** Opening Input material block **
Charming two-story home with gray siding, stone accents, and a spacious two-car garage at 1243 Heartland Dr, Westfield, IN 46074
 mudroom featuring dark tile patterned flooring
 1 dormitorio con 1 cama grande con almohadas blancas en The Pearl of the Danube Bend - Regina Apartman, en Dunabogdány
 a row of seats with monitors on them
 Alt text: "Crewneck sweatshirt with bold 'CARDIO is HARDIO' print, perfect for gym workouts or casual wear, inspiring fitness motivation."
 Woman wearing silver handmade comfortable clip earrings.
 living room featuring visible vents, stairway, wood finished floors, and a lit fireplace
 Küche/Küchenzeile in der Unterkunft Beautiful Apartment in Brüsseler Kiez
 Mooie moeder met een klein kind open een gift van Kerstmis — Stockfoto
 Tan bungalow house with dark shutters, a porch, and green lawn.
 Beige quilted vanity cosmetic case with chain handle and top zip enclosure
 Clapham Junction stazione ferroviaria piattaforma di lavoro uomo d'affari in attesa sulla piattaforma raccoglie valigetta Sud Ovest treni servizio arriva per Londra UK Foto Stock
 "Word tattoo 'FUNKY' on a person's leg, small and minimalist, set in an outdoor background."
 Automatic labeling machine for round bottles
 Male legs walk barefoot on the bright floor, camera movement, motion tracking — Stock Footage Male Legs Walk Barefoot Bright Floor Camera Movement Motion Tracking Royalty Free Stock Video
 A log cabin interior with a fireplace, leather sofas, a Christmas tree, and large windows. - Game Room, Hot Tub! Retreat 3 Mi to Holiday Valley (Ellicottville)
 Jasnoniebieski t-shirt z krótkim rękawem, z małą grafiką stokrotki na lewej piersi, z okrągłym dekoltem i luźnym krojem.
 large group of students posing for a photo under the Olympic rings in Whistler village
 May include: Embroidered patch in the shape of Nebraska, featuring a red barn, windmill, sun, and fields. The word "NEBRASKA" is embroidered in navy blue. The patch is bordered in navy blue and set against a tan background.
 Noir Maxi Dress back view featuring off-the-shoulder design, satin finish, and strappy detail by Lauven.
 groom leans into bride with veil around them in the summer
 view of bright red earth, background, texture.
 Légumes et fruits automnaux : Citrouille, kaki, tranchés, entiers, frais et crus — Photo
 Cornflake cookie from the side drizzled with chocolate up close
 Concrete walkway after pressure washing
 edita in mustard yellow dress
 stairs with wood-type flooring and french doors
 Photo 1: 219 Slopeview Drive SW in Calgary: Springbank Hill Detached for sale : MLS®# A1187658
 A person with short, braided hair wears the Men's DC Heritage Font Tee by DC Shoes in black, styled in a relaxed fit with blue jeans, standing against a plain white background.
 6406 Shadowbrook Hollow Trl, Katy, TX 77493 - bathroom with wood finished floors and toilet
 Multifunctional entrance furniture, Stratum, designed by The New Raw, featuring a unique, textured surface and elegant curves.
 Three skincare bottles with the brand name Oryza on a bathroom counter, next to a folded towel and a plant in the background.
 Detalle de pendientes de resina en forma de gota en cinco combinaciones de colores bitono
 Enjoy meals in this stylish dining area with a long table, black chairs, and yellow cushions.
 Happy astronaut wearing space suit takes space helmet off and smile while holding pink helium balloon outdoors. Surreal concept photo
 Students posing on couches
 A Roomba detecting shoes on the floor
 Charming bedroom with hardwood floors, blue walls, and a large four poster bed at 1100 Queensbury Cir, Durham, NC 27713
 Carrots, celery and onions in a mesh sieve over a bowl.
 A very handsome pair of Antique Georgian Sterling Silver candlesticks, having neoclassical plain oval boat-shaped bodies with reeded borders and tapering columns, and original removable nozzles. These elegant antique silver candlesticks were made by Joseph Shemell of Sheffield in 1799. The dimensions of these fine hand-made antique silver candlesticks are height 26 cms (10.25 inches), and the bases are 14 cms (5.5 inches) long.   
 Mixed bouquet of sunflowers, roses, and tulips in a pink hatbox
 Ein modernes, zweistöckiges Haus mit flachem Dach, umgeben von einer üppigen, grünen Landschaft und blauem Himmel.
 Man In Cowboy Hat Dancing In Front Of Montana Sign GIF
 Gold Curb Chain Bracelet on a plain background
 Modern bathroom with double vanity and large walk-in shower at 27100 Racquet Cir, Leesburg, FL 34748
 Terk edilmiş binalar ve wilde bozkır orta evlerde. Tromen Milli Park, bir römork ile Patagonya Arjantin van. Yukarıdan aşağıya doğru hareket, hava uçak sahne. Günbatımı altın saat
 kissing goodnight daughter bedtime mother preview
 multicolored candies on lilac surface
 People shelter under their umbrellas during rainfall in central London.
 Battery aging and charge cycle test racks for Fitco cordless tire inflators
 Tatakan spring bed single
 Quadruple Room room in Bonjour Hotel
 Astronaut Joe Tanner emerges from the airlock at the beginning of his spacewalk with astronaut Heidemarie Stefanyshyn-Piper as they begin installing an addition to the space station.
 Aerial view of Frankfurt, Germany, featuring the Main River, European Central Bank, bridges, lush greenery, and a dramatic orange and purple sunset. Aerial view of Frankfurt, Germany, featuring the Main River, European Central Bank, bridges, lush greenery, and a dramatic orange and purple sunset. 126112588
** Closing Input material block **
● **Work instruction**: Reproduce only the lines above spanning from the line containing "edita in mustard yellow dress" through the line containing "Gold Curb Chain", word for word.

● **Reply to the exercise**:
 edita in mustard yellow dress
 stairs with wood-type flooring and french doors
 Photo 1: 219 Slopeview Drive SW in Calgary: Springbank Hill Detached for sale : MLS®# A1187658
 A person with short, braided hair wears the Men's DC Heritage Font Tee by DC Shoes in black, styled in a relaxed fit with blue jeans, standing against a plain white background.
 6406 Shadowbrook Hollow Trl, Katy, TX 77493 - bathroom with wood finished floors and toilet
 Multifunctional entrance furniture, Stratum, designed by The New Raw, featuring a unique, textured surface and elegant curves.
 Three skincare bottles with the brand name Oryza on a bathroom counter, next to a folded towel and a plant in the background.
 Detalle de pendientes de resina en forma de gota en cinco combinaciones de colores bitono
 Enjoy meals in this stylish dining area with a long table, black chairs, and yellow cushions.
 Happy astronaut wearing space suit takes space helmet off and smile while holding pink helium balloon outdoors. Surreal concept photo
 Students posing on couches
 A Roomba detecting shoes on the floor
 Charming bedroom with hardwood floors, blue walls, and a large four poster bed at 1100 Queensbury Cir, Durham, NC 27713
 Carrots, celery and onions in a mesh sieve over a bowl.
 A very handsome pair of Antique Georgian Sterling Silver candlesticks, having neoclassical plain oval boat-shaped bodies with reeded borders and tapering columns, and original removable nozzles. These elegant antique silver candlesticks were made by Joseph Shemell of Sheffield in 1799. The dimensions of these fine hand-made antique silver candlesticks are height 26 cms (10.25 inches), and the bases are 14 cms (5.5 inches) long.   
 Mixed bouquet of sunflowers, roses, and tulips in a pink hatbox
 Ein modernes, zweistöckiges Haus mit flachem Dach, umgeben von einer üppigen, grünen Landschaft und blauem Himmel.
 Man In Cowboy Hat Dancing In Front Of Montana Sign GIF
 Gold Curb Chain Bracelet on a plain background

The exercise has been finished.